Configuring OSPF NSSAs

Applicable Environment

An excessive number of entries in a routing table wastes network resources and causes high CPU usage. To reduce entries in a routing table, you can configure a non-backbone area on the border of an AS as a stub area or an NSSA. For details about how to configure an OSPF stub area, see Configuring OSPF Stub Areas.

An NSSA is a special type of OSPF area. Neither an NSSA nor a stub area transmits routes learned from other areas in the AS where it resides. Different from a stub area, an NSSA allows AS external routes to be imported and advertised in the entire AS.

An OSPF stub area can save system resources but cannot import external routes. An NSSA can be applied to the scenario where AS external routes need to be imported without consuming excessive system resources.

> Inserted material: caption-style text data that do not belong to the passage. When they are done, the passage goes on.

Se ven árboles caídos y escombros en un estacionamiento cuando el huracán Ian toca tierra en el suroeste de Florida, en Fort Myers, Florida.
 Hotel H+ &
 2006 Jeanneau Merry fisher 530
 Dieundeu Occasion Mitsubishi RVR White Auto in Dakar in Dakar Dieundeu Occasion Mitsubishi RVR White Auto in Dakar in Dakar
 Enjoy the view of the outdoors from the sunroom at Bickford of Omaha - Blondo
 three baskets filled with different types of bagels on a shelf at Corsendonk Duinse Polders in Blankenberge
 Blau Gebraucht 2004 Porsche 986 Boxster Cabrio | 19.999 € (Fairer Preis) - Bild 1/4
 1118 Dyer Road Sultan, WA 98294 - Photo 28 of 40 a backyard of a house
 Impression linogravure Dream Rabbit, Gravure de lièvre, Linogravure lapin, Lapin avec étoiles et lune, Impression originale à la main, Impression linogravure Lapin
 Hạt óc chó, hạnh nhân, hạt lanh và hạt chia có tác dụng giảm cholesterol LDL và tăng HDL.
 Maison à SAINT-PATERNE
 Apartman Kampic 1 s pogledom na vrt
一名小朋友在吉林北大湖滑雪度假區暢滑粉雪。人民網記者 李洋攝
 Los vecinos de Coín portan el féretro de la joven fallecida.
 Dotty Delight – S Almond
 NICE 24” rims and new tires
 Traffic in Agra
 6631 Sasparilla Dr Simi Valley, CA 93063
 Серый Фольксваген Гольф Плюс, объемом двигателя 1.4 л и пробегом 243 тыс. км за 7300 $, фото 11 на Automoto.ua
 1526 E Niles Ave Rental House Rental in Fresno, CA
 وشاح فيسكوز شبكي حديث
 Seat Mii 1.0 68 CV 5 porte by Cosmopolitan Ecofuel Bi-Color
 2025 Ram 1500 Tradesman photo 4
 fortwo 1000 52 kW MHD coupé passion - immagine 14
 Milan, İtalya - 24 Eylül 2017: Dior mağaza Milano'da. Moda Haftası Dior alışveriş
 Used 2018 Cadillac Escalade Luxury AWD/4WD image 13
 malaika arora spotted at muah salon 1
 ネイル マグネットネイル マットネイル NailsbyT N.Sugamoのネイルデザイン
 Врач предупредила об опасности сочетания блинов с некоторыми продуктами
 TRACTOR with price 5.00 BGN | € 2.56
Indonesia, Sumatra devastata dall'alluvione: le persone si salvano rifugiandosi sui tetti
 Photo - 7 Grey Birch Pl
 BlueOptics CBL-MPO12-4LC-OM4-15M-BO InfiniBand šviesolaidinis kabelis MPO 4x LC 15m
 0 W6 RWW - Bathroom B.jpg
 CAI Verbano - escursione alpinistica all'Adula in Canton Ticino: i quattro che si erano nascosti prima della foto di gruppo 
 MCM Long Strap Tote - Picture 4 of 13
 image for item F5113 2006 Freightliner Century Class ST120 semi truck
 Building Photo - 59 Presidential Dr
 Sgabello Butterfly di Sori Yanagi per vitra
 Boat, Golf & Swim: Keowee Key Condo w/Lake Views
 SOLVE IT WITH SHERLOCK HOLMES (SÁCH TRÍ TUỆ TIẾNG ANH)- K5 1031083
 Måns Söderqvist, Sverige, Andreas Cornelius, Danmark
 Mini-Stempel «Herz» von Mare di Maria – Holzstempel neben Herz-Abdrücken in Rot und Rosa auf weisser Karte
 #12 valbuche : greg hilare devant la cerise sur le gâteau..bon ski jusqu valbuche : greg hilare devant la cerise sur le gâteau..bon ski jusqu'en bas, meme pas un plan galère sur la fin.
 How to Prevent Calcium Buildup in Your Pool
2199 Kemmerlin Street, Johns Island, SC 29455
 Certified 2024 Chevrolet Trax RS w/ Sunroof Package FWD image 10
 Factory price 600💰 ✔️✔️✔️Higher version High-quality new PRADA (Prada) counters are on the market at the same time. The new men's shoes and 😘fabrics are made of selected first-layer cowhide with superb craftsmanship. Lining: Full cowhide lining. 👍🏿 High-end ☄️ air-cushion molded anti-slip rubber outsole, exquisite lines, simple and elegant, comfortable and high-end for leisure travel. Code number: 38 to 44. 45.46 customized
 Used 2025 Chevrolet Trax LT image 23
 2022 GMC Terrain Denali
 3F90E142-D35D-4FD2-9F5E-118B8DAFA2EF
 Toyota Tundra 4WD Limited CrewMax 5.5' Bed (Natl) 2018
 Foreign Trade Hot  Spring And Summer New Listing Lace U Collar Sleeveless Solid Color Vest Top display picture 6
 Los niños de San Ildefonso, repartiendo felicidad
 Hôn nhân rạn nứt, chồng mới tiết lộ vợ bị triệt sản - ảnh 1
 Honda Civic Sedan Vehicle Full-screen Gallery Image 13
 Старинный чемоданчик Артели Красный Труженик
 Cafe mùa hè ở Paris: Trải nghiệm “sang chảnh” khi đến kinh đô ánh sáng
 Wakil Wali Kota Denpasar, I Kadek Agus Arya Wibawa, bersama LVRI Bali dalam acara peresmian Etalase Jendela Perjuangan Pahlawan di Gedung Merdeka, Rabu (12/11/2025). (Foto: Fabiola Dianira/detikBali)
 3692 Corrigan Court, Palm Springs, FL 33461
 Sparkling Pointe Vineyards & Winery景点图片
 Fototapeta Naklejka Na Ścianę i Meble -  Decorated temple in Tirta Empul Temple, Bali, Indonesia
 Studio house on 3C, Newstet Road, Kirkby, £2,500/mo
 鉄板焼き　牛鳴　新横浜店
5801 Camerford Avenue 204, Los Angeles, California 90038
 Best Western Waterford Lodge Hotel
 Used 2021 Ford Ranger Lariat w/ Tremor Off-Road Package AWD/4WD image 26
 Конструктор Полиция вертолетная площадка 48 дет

Type 7 LSAs are used to carry imported AS external routing information in an NSSA. Type 7 LSAs are generated by an ASBR in an NSSA and flooded only in the NSSA where the ASBR resides. The ABR in an NSSA selectively translates received Type 7 LSAs into Type 5 LSAs to advertise AS external routes to other areas over the OSPF network.

NOTE:
  • A Type 7 LSA is a new type of LSA that has been introduced to support NSSAs and describe imported external routes.
  • Type 7 LSAs can be used to carry default route information to guide traffic to other ASs.

Pre-configuration Tasks

Before configuring an NSSA, complete the following tasks:

Procedure

  1. Run system-view

    The system view is displayed.

  2. Run ospf [ process-id ]

    The OSPF process view is displayed.

  3. Run area area-id

    The OSPF area view is displayed.

  4. Run nssa [ default-route-advertise [ backbone-peer-ignore ] | no-import-route | no-summary | set-n-bit | suppress-forwarding-address | translator-always | translator-interval interval-value | zero-address-forwarding ] *

    The area is configured as an NSSA.

    NOTE:
    • To configure an area as an NSSA, you need to run the nssa command on all devices in the area.
    • Configuring or deleting NSSA attributes may update the routing information in the area and interrupt neighbor relationships. NSSA attributes can be reconfigured or deleted only after the routing update is complete.
    Parameters in the nssa command are described as follows:
    • The default-route-advertise parameter is used to configure the ASBR to generate a Type 7 LSA carrying a default route and advertise it to the NSSA.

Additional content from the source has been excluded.